What to do with standard deviations of non-linear (dB/Hz) ranges?

rodrigo.constanzo · March 7, 2021, 4:19pm

Bit of a stats noob question here, but I’m organizing and scaling data and for things like loudness, it makes sense to dbtoa things like mean/min/mid/max so I get a smooth linear output from 0. to 1. but I’m not sure what to do with standard deviation, which is in decibels (since it’s computed off the mean). If I run it through dbtoa I get a much higher value than I think makes sense, and it ends up more than likely being > 1.0.

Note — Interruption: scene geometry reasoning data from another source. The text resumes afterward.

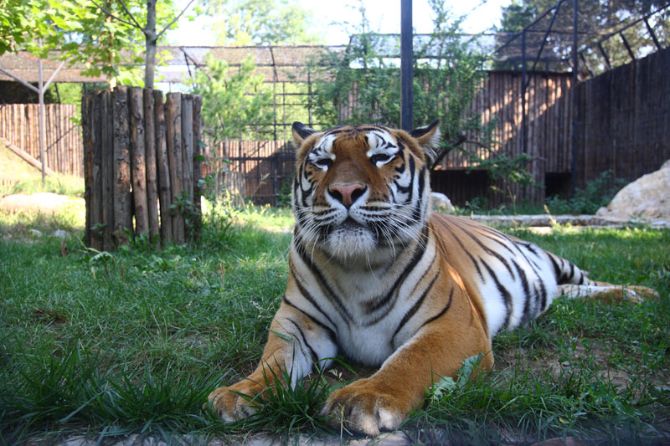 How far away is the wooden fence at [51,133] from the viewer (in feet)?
54.5

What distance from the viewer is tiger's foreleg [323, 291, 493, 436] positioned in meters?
1.85

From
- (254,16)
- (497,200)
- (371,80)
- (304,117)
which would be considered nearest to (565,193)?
(497,200)

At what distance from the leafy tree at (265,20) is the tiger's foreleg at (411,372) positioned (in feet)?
125

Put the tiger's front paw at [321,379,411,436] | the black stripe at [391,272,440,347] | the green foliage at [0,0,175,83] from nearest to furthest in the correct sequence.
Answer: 1. the tiger's front paw at [321,379,411,436]
2. the black stripe at [391,272,440,347]
3. the green foliage at [0,0,175,83]

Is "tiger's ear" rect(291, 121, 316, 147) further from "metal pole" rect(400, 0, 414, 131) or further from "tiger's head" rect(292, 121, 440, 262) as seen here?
"metal pole" rect(400, 0, 414, 131)

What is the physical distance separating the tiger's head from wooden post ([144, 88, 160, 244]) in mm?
2955

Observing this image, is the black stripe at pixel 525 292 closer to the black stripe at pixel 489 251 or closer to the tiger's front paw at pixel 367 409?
the black stripe at pixel 489 251

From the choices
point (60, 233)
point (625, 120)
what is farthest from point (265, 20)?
point (60, 233)

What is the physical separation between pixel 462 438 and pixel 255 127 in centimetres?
1652

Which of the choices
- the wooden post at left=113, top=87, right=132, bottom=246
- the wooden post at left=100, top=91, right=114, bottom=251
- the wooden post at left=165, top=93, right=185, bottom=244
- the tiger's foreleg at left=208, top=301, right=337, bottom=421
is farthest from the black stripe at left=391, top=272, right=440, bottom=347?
the wooden post at left=100, top=91, right=114, bottom=251

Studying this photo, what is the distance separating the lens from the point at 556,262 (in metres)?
4.27

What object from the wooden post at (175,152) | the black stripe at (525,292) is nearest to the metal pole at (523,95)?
the wooden post at (175,152)

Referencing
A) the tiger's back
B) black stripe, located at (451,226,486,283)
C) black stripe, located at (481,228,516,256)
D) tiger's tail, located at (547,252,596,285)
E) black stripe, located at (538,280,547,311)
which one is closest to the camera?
the tiger's back

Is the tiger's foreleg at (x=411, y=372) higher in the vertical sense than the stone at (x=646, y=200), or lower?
lower
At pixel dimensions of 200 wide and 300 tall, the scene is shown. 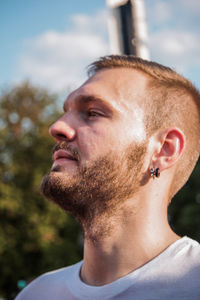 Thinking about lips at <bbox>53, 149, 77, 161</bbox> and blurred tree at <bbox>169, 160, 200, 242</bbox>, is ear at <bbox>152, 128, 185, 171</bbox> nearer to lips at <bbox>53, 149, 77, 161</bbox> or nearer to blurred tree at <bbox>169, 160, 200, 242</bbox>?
lips at <bbox>53, 149, 77, 161</bbox>

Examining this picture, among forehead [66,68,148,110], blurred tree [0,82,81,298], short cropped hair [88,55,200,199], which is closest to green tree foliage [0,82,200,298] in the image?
blurred tree [0,82,81,298]

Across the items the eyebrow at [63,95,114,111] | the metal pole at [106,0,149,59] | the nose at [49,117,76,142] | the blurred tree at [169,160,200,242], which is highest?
the metal pole at [106,0,149,59]

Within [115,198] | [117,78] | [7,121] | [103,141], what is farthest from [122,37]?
[7,121]

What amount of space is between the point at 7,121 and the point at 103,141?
20870 mm

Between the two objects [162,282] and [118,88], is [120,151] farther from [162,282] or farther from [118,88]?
[162,282]

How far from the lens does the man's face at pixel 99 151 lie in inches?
87.8

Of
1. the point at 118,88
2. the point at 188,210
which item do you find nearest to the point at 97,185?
the point at 118,88

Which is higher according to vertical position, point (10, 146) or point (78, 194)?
point (78, 194)

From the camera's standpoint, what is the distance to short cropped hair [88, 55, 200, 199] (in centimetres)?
245

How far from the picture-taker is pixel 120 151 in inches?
89.2

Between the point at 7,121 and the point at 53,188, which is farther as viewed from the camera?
the point at 7,121

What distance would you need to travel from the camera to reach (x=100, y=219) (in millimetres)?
2266

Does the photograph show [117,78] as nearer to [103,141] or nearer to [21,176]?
[103,141]

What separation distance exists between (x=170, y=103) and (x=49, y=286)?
1.54m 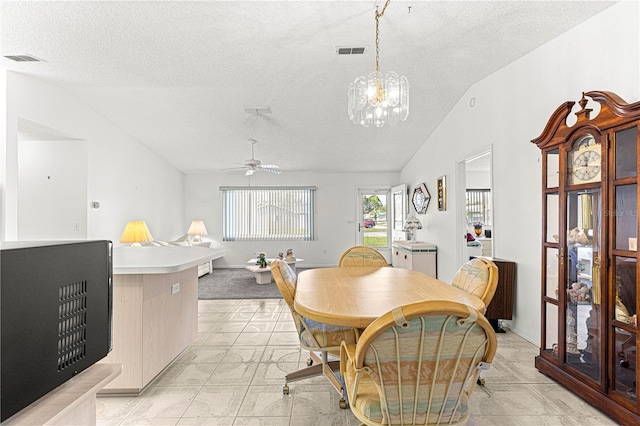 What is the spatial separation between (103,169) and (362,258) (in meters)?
3.96

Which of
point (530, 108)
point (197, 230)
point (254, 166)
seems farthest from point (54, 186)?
point (530, 108)

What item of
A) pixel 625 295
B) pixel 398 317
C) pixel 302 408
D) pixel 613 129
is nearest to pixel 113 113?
pixel 302 408

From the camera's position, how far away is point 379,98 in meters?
2.30

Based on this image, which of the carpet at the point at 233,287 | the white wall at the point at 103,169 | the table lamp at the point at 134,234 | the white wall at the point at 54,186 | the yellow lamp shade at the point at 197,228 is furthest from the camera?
the yellow lamp shade at the point at 197,228

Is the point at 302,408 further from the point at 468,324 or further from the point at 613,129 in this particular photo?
the point at 613,129

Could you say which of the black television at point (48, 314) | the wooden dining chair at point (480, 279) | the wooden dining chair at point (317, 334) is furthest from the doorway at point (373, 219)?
the black television at point (48, 314)

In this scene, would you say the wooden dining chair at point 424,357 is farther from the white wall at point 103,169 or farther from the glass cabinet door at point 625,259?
the white wall at point 103,169

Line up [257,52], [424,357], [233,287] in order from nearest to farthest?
[424,357] < [257,52] < [233,287]

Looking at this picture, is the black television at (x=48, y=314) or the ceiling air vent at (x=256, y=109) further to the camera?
the ceiling air vent at (x=256, y=109)

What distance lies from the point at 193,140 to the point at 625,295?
568cm

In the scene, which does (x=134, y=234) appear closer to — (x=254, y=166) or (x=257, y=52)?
(x=254, y=166)

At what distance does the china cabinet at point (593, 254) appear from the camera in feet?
5.92

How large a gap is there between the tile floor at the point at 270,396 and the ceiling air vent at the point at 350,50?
2803mm

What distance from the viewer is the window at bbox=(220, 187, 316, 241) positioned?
759 cm
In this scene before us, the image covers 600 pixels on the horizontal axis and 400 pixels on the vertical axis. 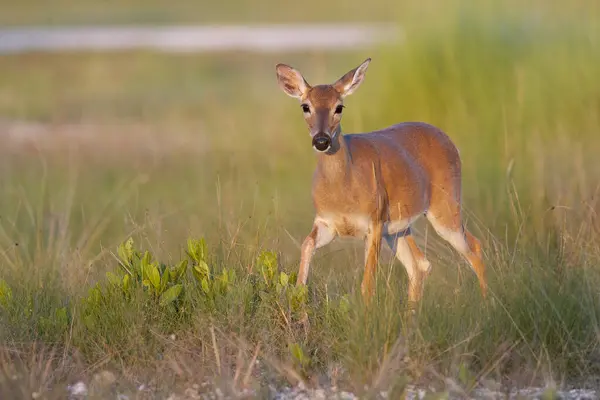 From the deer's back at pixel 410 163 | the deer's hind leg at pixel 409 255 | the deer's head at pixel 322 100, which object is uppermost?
the deer's head at pixel 322 100

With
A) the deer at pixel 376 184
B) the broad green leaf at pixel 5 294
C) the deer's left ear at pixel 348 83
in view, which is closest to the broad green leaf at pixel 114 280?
the broad green leaf at pixel 5 294

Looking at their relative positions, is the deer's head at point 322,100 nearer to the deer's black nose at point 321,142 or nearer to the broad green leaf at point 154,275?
the deer's black nose at point 321,142

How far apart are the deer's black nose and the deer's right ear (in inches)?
21.5

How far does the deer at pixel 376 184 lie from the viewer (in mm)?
7258

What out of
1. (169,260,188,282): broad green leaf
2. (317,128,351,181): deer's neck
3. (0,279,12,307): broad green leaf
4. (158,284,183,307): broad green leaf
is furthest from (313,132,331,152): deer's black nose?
(0,279,12,307): broad green leaf

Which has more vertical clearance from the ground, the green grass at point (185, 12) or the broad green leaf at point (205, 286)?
the green grass at point (185, 12)

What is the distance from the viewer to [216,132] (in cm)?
1608

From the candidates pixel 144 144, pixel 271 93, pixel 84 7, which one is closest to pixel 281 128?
pixel 144 144

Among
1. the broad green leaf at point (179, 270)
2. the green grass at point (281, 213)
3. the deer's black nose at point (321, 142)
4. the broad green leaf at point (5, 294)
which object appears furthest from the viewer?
the deer's black nose at point (321, 142)

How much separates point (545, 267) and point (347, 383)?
4.82 ft

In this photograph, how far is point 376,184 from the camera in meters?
7.39

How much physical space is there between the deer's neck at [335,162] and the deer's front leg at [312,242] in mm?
292

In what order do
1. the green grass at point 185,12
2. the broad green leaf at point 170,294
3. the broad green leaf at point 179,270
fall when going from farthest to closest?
the green grass at point 185,12 → the broad green leaf at point 179,270 → the broad green leaf at point 170,294

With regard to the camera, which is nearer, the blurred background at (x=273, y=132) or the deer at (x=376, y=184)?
the deer at (x=376, y=184) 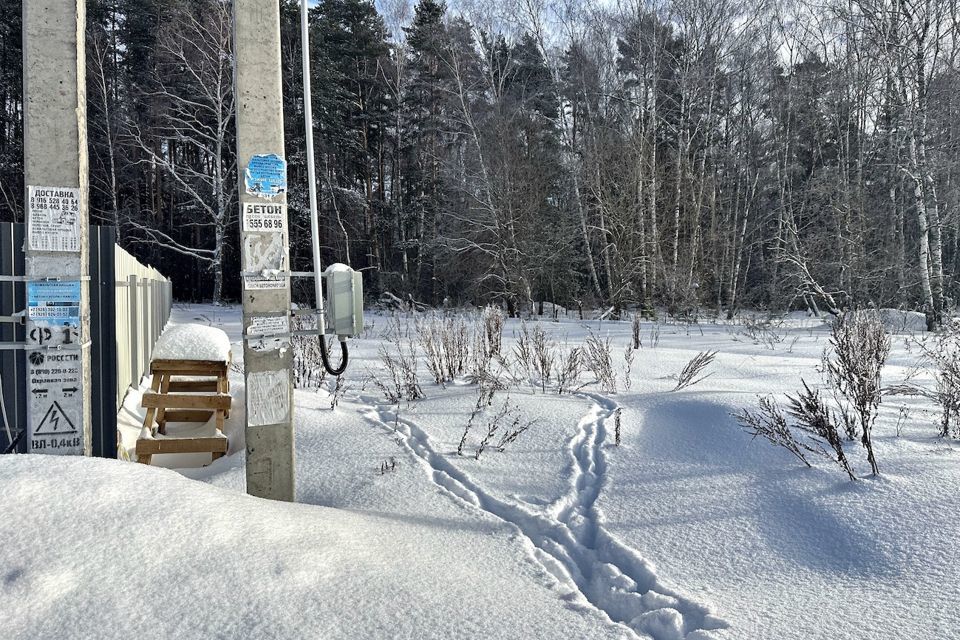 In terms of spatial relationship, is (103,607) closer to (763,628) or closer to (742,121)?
(763,628)

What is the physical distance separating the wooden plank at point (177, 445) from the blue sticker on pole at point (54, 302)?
1.65m

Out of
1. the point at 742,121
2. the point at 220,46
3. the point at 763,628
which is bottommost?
the point at 763,628

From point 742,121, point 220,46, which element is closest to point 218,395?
point 220,46

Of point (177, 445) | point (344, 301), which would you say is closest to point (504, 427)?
point (344, 301)

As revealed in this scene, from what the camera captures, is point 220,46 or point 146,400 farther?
point 220,46

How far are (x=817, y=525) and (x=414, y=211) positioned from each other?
23507 mm

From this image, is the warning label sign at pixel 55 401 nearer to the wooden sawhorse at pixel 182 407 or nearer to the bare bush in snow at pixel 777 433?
the wooden sawhorse at pixel 182 407

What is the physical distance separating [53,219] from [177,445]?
1980mm

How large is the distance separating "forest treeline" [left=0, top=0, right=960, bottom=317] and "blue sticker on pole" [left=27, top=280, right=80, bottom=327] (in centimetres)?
1306

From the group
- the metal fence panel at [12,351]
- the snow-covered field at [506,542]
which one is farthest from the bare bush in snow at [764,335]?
the metal fence panel at [12,351]

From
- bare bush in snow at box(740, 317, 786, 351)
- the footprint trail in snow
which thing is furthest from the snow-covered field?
bare bush in snow at box(740, 317, 786, 351)

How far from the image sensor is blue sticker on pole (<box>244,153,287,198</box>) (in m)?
2.95

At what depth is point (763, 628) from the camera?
2.08 meters

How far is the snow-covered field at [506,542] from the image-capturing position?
75.7 inches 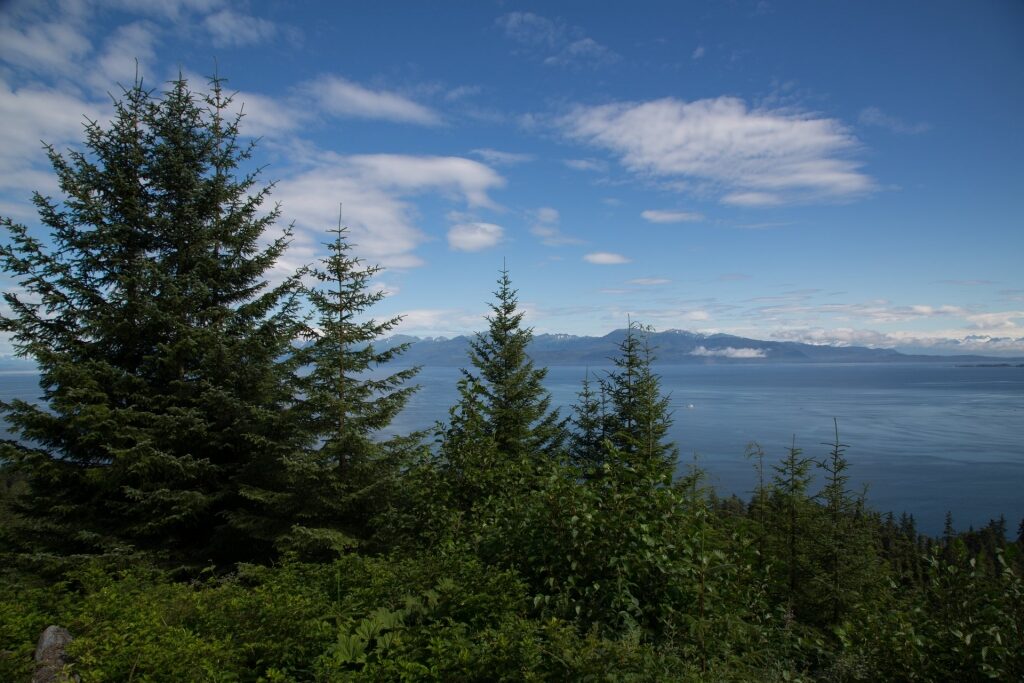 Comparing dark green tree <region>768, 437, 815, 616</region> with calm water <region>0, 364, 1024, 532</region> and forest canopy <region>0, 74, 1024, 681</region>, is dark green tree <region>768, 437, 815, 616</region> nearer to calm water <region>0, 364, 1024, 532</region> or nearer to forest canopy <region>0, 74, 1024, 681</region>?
forest canopy <region>0, 74, 1024, 681</region>

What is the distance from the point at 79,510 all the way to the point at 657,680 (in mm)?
10436

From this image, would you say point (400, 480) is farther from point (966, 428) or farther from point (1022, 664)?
point (966, 428)

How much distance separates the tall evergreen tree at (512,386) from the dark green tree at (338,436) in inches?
144

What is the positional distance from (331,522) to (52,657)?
639 cm

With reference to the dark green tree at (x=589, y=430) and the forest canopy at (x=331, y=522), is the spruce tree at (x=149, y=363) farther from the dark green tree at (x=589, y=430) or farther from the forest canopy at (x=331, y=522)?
the dark green tree at (x=589, y=430)

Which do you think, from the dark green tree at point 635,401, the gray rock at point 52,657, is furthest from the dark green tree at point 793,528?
the gray rock at point 52,657

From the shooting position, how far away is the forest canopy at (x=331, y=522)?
3352mm

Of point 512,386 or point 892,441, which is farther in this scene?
point 892,441

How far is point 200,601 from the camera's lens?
4.25 m

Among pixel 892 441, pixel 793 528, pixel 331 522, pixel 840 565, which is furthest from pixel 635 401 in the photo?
pixel 892 441

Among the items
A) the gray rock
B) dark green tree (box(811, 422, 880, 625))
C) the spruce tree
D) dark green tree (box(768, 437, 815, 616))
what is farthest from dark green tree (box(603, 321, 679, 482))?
the gray rock

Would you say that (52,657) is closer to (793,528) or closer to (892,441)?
(793,528)

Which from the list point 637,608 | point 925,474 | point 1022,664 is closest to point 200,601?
point 637,608

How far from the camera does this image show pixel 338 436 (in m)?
9.33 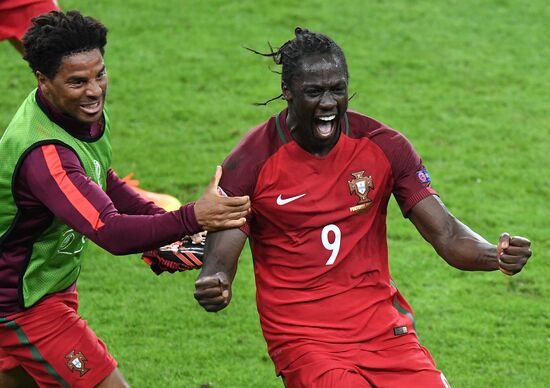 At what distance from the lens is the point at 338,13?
1467 centimetres

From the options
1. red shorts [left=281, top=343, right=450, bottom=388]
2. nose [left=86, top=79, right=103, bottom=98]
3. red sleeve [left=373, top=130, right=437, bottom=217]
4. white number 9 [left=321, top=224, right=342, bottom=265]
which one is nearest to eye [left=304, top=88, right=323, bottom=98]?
red sleeve [left=373, top=130, right=437, bottom=217]

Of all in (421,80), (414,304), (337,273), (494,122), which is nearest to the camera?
(337,273)

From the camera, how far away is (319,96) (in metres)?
6.33

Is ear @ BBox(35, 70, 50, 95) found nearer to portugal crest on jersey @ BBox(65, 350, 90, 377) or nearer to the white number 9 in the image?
portugal crest on jersey @ BBox(65, 350, 90, 377)

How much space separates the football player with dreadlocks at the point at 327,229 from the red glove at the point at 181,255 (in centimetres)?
42

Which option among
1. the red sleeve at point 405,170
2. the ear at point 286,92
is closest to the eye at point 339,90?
the ear at point 286,92

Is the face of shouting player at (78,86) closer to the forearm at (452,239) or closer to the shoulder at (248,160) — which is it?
the shoulder at (248,160)

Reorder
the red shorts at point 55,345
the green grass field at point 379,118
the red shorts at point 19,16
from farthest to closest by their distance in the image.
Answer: the red shorts at point 19,16 → the green grass field at point 379,118 → the red shorts at point 55,345

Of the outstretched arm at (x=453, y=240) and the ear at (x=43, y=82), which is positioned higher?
the ear at (x=43, y=82)

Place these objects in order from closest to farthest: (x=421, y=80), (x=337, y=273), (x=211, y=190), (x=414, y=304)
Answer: (x=211, y=190) < (x=337, y=273) < (x=414, y=304) < (x=421, y=80)

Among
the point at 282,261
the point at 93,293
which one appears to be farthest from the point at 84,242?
the point at 93,293

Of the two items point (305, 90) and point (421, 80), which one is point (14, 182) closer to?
point (305, 90)

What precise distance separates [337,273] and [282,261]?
0.92ft

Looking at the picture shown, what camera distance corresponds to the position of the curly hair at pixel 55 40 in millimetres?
6312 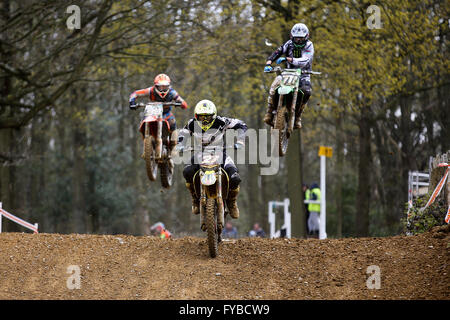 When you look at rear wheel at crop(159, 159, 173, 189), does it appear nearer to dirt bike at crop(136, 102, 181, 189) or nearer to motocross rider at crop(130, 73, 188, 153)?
dirt bike at crop(136, 102, 181, 189)

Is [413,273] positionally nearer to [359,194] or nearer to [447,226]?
[447,226]

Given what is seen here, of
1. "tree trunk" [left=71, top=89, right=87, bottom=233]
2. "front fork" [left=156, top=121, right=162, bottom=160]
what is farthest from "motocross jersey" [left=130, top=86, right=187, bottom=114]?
"tree trunk" [left=71, top=89, right=87, bottom=233]

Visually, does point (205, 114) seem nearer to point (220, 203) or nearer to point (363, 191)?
point (220, 203)

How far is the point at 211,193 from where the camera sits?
10.3 meters

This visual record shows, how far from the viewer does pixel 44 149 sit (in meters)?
32.9

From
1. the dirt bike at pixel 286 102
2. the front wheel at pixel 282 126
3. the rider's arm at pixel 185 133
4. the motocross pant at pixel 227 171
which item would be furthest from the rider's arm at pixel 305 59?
the motocross pant at pixel 227 171

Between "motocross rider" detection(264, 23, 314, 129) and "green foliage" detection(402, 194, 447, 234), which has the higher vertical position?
"motocross rider" detection(264, 23, 314, 129)

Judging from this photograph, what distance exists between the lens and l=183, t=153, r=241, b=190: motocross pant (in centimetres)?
1063

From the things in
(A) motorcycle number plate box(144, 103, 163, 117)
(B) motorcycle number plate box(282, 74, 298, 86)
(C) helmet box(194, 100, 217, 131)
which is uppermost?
(B) motorcycle number plate box(282, 74, 298, 86)

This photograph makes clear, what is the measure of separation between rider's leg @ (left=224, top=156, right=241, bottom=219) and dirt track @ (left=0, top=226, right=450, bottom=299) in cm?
71

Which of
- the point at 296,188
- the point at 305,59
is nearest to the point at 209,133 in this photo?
Result: the point at 305,59

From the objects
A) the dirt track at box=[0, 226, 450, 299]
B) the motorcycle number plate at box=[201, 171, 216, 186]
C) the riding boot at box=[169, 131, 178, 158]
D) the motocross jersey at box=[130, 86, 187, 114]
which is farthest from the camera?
the riding boot at box=[169, 131, 178, 158]

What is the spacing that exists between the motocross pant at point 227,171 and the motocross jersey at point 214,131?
34cm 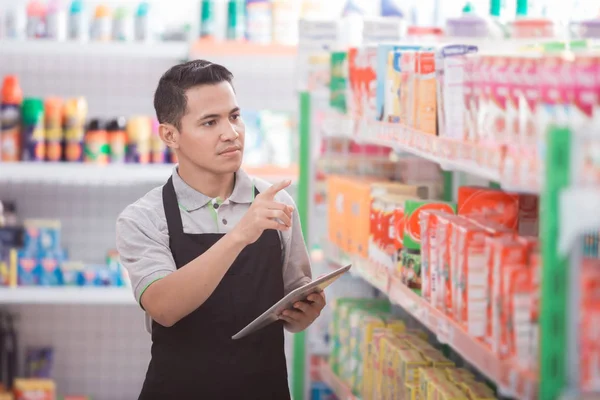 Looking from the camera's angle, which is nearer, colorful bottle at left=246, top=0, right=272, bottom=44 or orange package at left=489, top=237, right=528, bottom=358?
orange package at left=489, top=237, right=528, bottom=358

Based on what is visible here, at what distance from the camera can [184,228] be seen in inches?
112

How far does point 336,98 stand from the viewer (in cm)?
416

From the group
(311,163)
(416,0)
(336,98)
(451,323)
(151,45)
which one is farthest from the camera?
(416,0)

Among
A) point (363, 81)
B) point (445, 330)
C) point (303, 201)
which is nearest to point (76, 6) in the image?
point (303, 201)

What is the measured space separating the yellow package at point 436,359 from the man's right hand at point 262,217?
75cm

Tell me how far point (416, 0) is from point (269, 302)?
3007 mm

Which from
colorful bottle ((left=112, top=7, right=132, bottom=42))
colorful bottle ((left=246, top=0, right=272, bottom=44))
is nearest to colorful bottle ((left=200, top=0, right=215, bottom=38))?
colorful bottle ((left=246, top=0, right=272, bottom=44))

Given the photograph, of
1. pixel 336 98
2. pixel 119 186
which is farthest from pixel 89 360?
pixel 336 98

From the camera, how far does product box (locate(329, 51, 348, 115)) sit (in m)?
4.08

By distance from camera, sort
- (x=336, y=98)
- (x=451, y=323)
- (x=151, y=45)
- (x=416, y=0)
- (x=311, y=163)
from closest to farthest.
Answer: (x=451, y=323), (x=336, y=98), (x=311, y=163), (x=151, y=45), (x=416, y=0)

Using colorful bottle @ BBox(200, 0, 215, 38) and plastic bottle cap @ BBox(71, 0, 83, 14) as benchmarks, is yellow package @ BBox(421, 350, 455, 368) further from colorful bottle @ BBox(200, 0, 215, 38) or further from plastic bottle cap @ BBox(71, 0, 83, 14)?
plastic bottle cap @ BBox(71, 0, 83, 14)

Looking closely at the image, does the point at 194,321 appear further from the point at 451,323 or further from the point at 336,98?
the point at 336,98

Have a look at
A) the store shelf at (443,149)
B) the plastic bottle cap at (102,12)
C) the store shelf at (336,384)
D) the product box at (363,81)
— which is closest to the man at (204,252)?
the store shelf at (443,149)

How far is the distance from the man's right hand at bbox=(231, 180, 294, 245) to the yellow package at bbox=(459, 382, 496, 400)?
2.13 ft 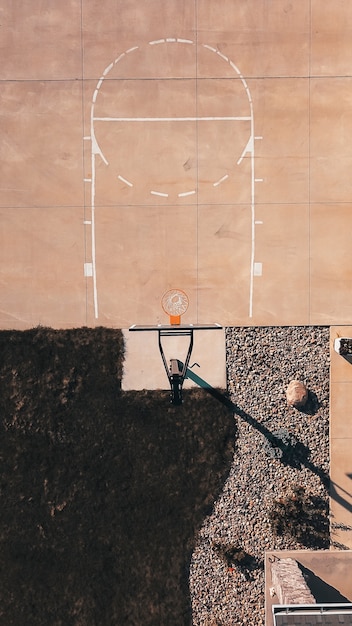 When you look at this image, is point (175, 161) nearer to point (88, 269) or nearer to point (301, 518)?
point (88, 269)

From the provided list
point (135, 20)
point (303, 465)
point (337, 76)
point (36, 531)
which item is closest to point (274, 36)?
point (337, 76)

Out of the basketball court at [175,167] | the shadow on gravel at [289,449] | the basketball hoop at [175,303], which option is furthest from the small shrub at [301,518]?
the basketball hoop at [175,303]

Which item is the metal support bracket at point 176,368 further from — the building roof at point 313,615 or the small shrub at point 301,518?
the building roof at point 313,615

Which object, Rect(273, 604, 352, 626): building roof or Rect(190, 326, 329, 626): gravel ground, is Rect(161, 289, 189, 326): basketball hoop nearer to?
Rect(190, 326, 329, 626): gravel ground

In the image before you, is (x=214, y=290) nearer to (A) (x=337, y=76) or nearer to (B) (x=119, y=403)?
(B) (x=119, y=403)

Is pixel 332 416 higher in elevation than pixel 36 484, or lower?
higher

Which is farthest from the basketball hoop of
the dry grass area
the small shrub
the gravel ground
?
the small shrub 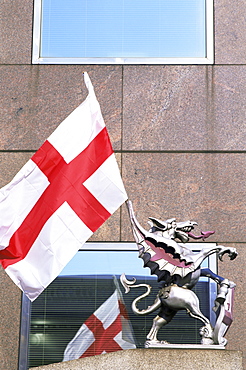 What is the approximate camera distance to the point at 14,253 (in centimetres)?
667

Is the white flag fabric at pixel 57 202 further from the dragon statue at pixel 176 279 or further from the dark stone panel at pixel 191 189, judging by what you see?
the dark stone panel at pixel 191 189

The analysis frame I’m working on at the moment has the raw output values of:

loudness_mean: -8.939504
loudness_std:  2.4
loudness_min:  -13.748664
loudness_max:  -5.938645

If I pipe all that through dBtoA I get:

loudness_mean: 0.357293
loudness_std:   1.31821
loudness_min:   0.205384
loudness_max:   0.50474

The mean/min/max look good, but the std is all jacked. Similarly if I convert the other values and leave that one alone, I have a similar problem, though I guess they are all in the same “units” at that point.

So the question is, do I leave the values raw and then let something like fluid.robustscale~ sort it out, or do I scale (which I imagine would be better since it gets linearized along the way)? And if so, how much A does 2.4dB convert to?

I imagine I will run into similar problems with Hz and ftom when dealing with standard deviations of frequencies.

This feels like a super solved thing and I’m just too dumdum to know what it is.

weefuzzy · March 7, 2021, 6:24pm

ISTM that a standard deviation of dB is going to manifest as a gain factor when you translate back, because logarithms (log(ab) = log(a) + log(b)).

So I guess if you wanted to express that in terms of a difference from the mean again it would be

(mean * std) - mean  
=   mean * (std - 1) 
= 0.357 * (1.31821 -1) 
≈ 0.113

Don’t know that this really gets you anything. Is this problem how you interpret it, or how you scale it?

rodrigo.constanzo · March 7, 2021, 6:55pm

More about what to do with it further down the line. Using the Example 11 as a model, things are packed indiscriminately(ish) together then normalized on the back end. It seems like it would be useful to linearize the relationship between each stat before normalizing (if at all) as that would be more perceptually meaningful. It was just the standard deviation that was throwing me for a loop.

In terms of the maths there, wouldn’t I want to do this pre-atodb-ing it since the relationship between std and mean exists in the log domain (as in, the std isn’t 1.31821 amplitude).

That would instead give me

(mean * std) - mean  
=   mean * (std - 1) 
= -8.939504 * (2.4 -1) 
=  -12.512535
≈ 0.236795 (dBtoA'd)

Or does that maths hold up to existing in the log domain?

And presumably the same would apply to frequency(Hz) except it would be, um, a frequency factor?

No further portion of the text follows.